[BULK] [plt-scheme] Multiple loops

From: Stephen Bloch (sbloch at adelphi.edu)
Date: Tue Mar 31 14:26:38 EDT 2009

On Mar 31, 2009, at 1:29 PM, aditya shukla wrote:

> My question here is are there loops in scheme or recursion is used  
> in all the cases and is there is a design rule for multiple loops?

Excellent question.  Yes, Scheme has several powerful looping  
constructs; look up "iterations" in the Help Desk.  Recursion is more  
"typical" of the Scheme-programming idiom, but a professional Scheme  
programmer would know the looping constructs as well.  And you can  
frequently avoid doing either one by using one or more of the  
"abstraction" functions like map, foldl, foldr, filter, apply, etc.   
Programmers coming from other languages to Scheme often use a loop  
(sometimes even an integer-indexed loop) where it's really not  
necessary; read the solutions Matthias just posted, and even if those  
aren't exactly the problem you needed to solve, they should give you  
some good ideas for how a Scheme programmer would solve the problem.
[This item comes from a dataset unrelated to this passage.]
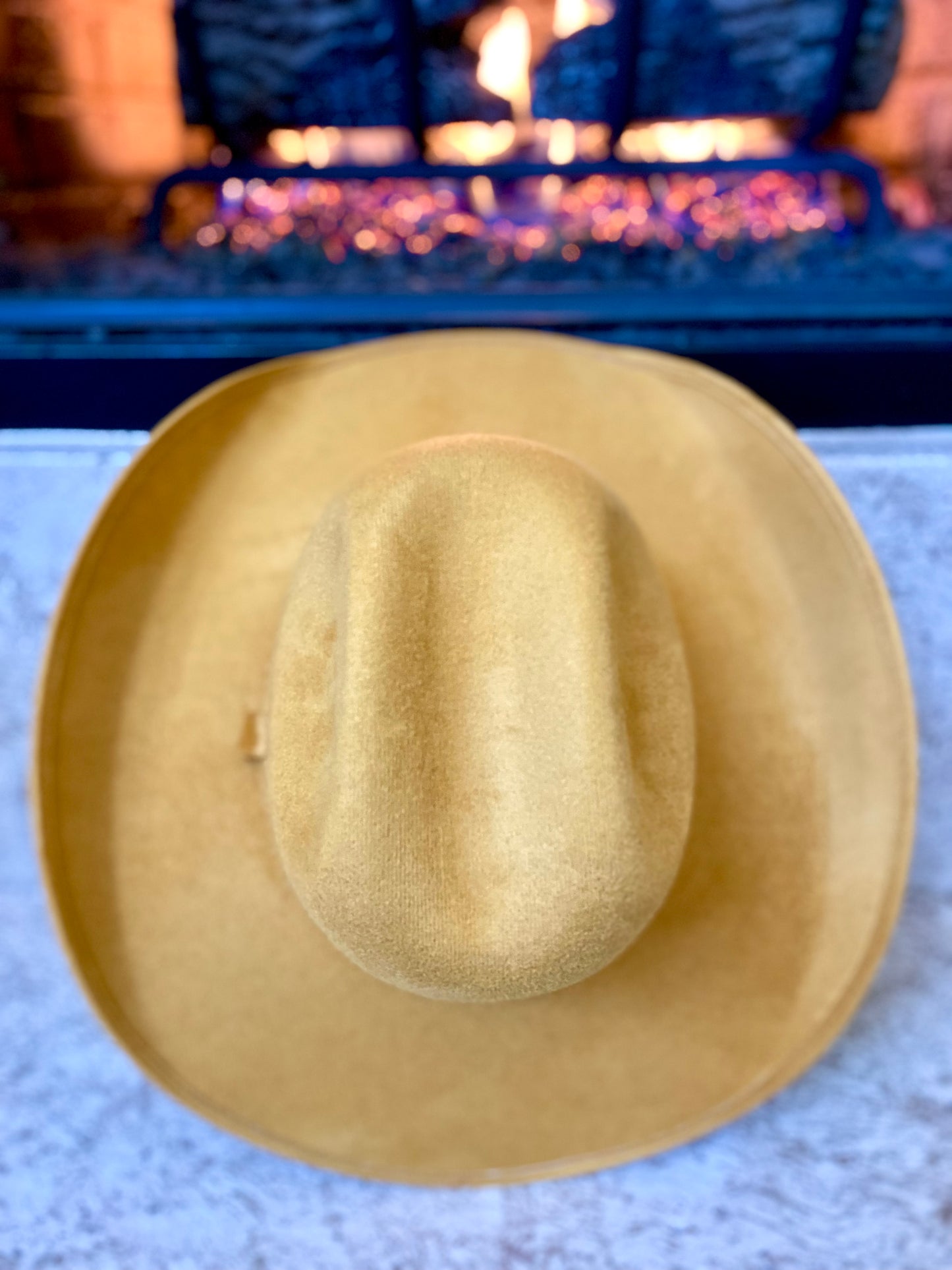Austin Vegan Suede Cowboy Hat- Mustard w/o Band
The design rule for multiple loops is similar to the design rules  
you've seen already: the shape of the data determines the shape of  
the code.  If you're given a data object which is a collection of  
objects, you'll probably want to "do something to each element of the  
collection", and a loop is a natural way to do this.  If you're given  
several such objects, you'll probably want several such loops.

Of course, that gets you through the clean, elegant problems; things  
get messier in the real world, but a lot of the ideas are the same.